【初テスト】V12搭載装甲バージョンSクラス メルセデスS680ガードに初試乗 その感想と評価は?
2021年10月18日
V12を搭載したメルセデスS 680ガードは、手榴弾の爆発にも耐えられる。
メルセデスは、新型Sクラスのガードバージョンを再びラインナップに設定、発表した。最高の贅沢に最高の安全を。
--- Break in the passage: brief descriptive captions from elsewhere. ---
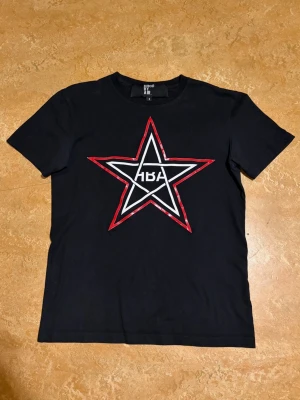 Hood By Air T-shirt svart  - Svart t-shirt från Hood By Air med stort stjärntryck i vitt och rött på bröstet. Klassisk rund halsringning och korta ärmar. Perfekt för dig som gillar streetwear och vill sticka ut med en grafisk detalj. Köpte ganska nyss så detta är mest en intresse koll skriv gärna vid frågor/köp! Är osäker på om jag vill sälja så pris får diskuteras privat! Btw jag är 188cm som referens 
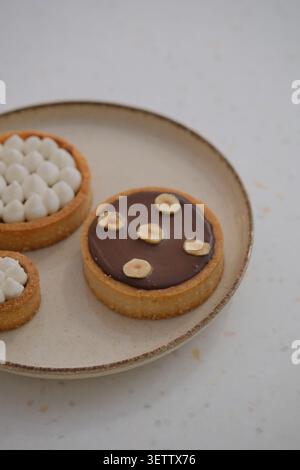 Elegante Desserttörtchen mit Schokoladenglasur und Sahnefüllung auf Keramikplatte Stockfoto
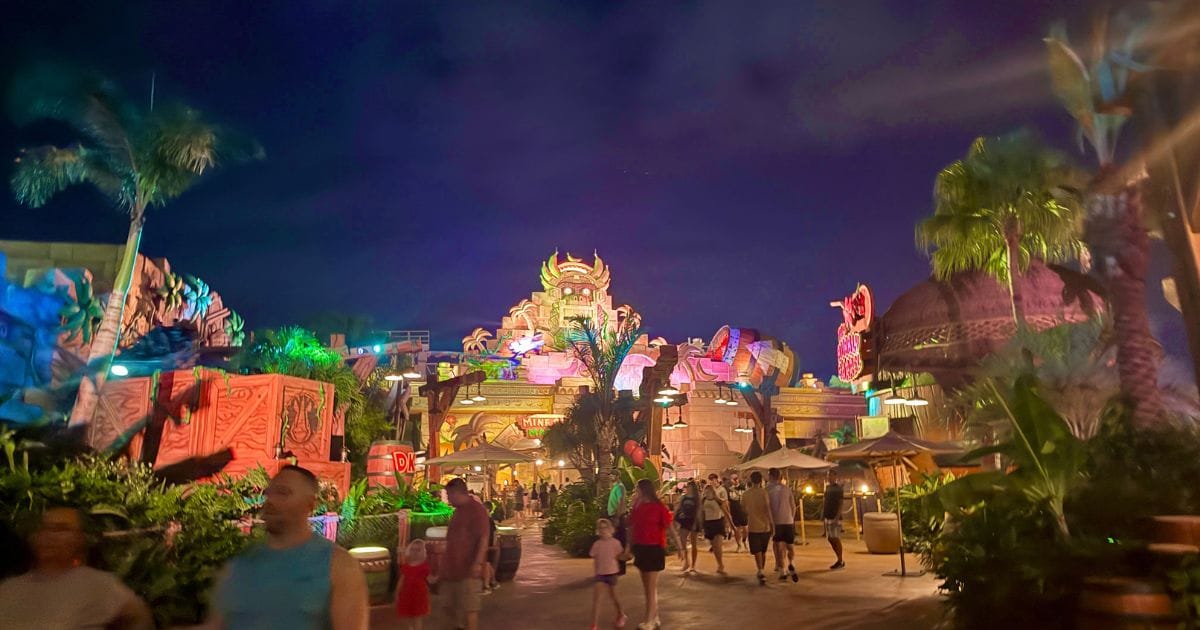The illuminated Golden Temple in Donkey Kong Country at Super Nintendo World during an Epic Universe after-hours event.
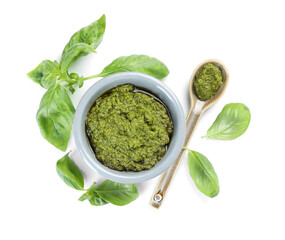 Fresh tasty pesto sauce and basil isolated on white, top view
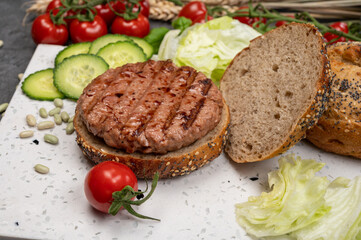 Making tasty vegetarian vegan hamburger from plant based soya beans burger, organic bun with seeds and fresh vegetables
ドライビングレポート!
ダイムラー社は、メルセデスSクラスで、フラッグシップ乗用車の装甲バージョンをリニューアルした。
「S 680ガード4MATIC」は、豪華さと最大限の安全性を両立させるために設計されている。
我々は、標準モデルより2トンほども重い(つまり4トン!!)、V12エンジン搭載「Sクラス」を実際に運転してみた。
メルセデスは、Sガードのニューエディションに新たな道を選んだ
先代は基本的に「Sクラス」を装甲化したものだったが、新型は「Sクラス」ルックを備えた装甲化した車両である。
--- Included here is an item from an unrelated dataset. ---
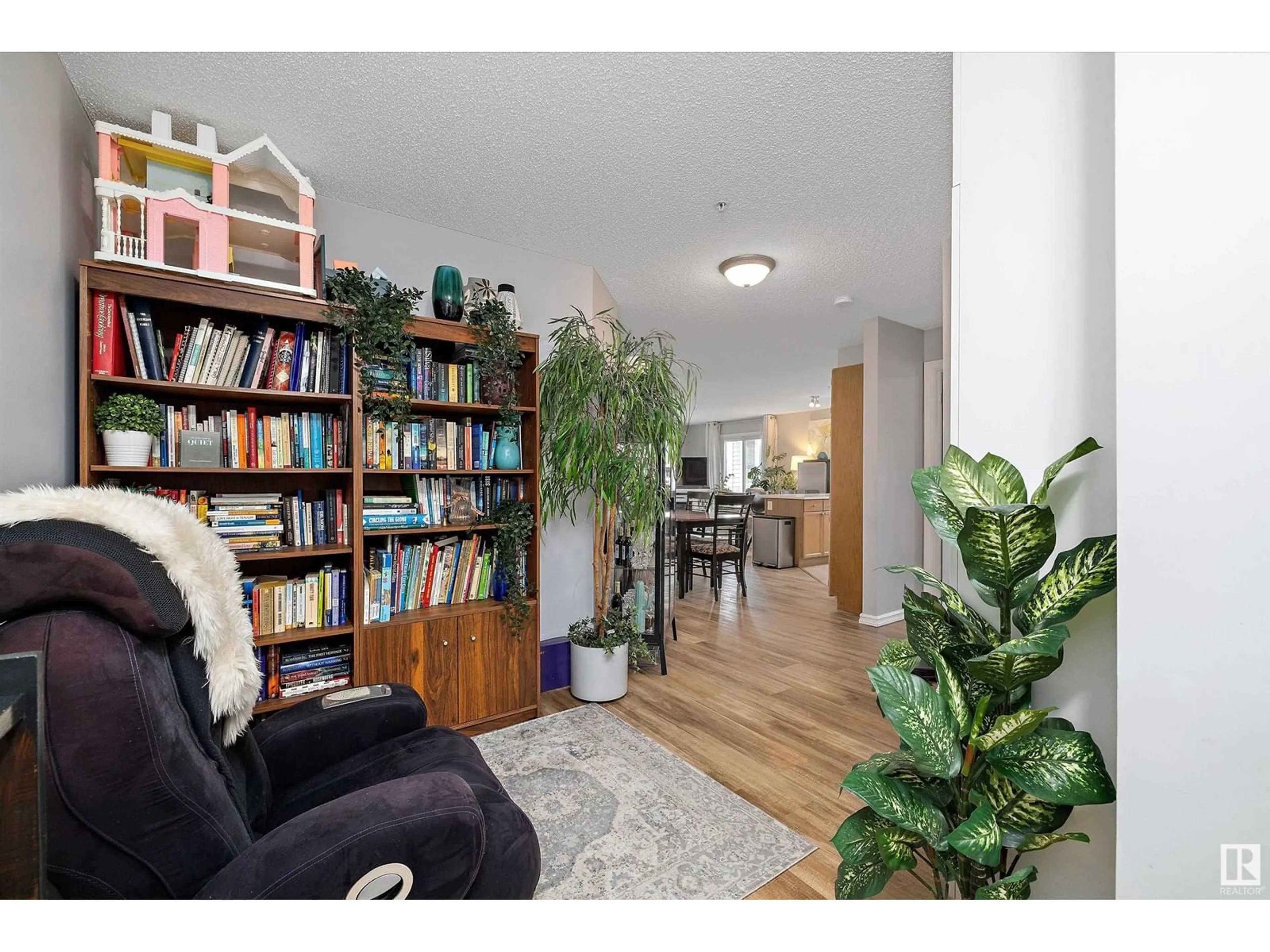 Living room with furniture, wood/laminate floor for #201 - 4407 23 ST, Edmonton Alberta T6T0B6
つまり、ボディシェルまでもがガードのために特別に作られており、その中には精巧な保護機構も含まれている。
その上に、装甲部材をボルトで固定している。
数センチの厚さのプレートと、飛散防止機能を備えた多層ペイン(窓枠)により、VPAM保護等級VR10を達成している。
これは民間企業では最高レベルの保護等級であり、この等級の車は、グレネード(手榴弾)攻撃や、アサルトライフルやスナイパーライフルの射撃に耐えられるようになっている。
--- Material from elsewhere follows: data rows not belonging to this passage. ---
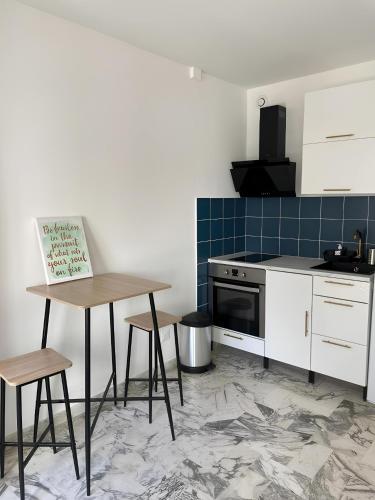 une cuisine avec une table, des chaises et une cuisinière dans l'établissement Studio 50 m de la mer - Centre - Proche mer, à Nice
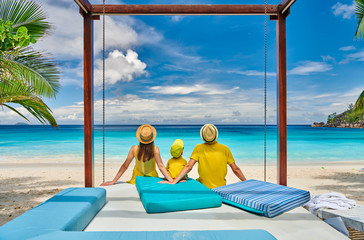 Family with three year old boy on beach. Seychelles, Mahe.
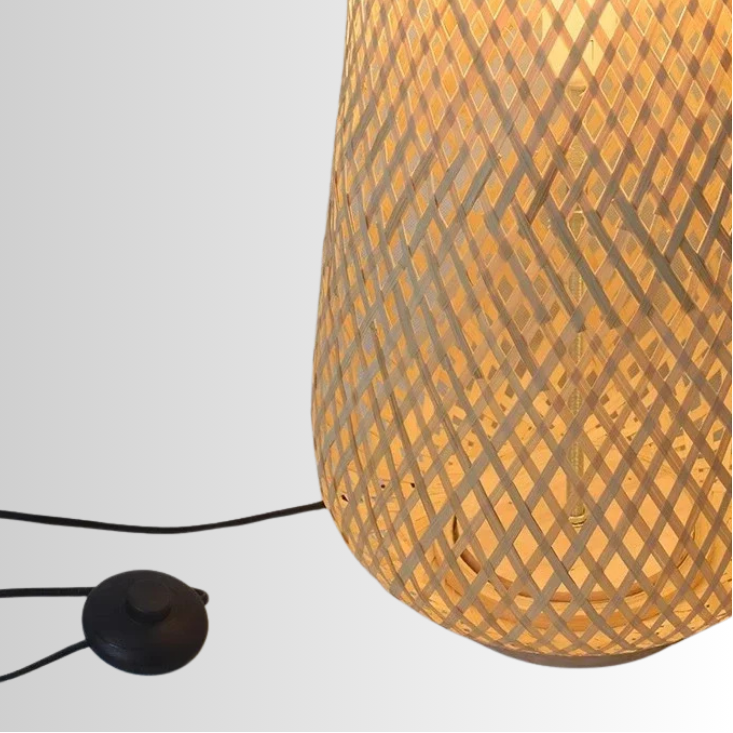 Solace, a cylindrical wicker floor lamp, in a natural light wheat color. The photo is slightly zoomed, focusing more on the base of the lamp with its button switch pictured. 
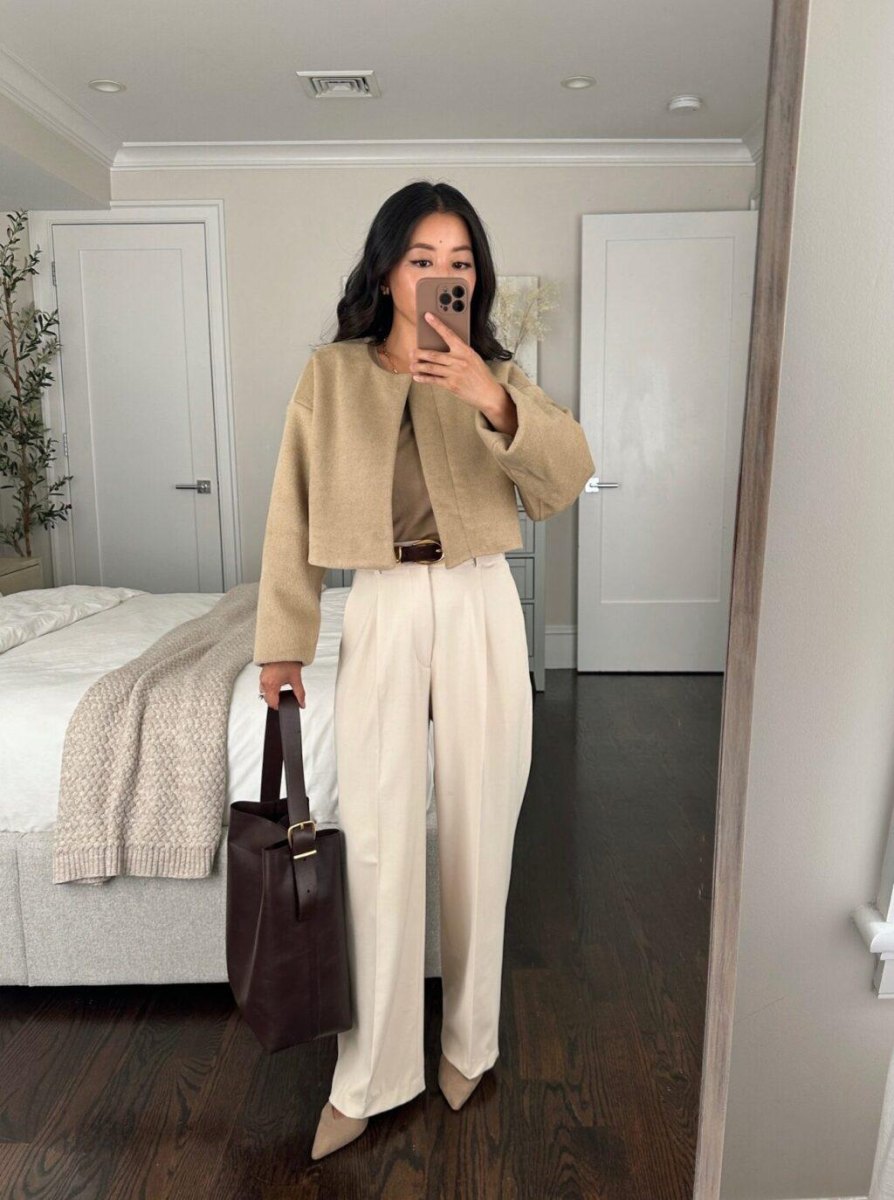 Petite woman wearing cropped jacket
ガスや煙は過圧システムによって遮断され、アンダーボディに設置された約10個の消火剤ノズルが火災を鎮圧する。
また、ブレーキやトランスミッションを含むパワートレイン全体が、膨大な重量増加に対応している。
Sクラスのシェルは単なるカモフラージュ
Sクラスのシェルは、基本的にはカモフラージュであり、車列の中で目立たないようにするための技術だ。
これは見事に成功しているが、よく見れば違いがわかる。
例えば、ミシュランの太いパックスタイヤは、ショットアップ(射撃)されても、30km程度の走行が可能となっている。
また、電動ドアオープナーの代わりにハンドルが付いている。
安全上の理由から、S 680ガードには設定されていない装備もある
一見すると、ごく普通のSクラスのように見える。
しかし、その印象は、ドアを開けた瞬間に一変する。
「S 680ガード」は、約200kgの重量を持つドアの中に、窓を緊急に開けるためのアキュムレーターとコンプレッサーを内蔵している。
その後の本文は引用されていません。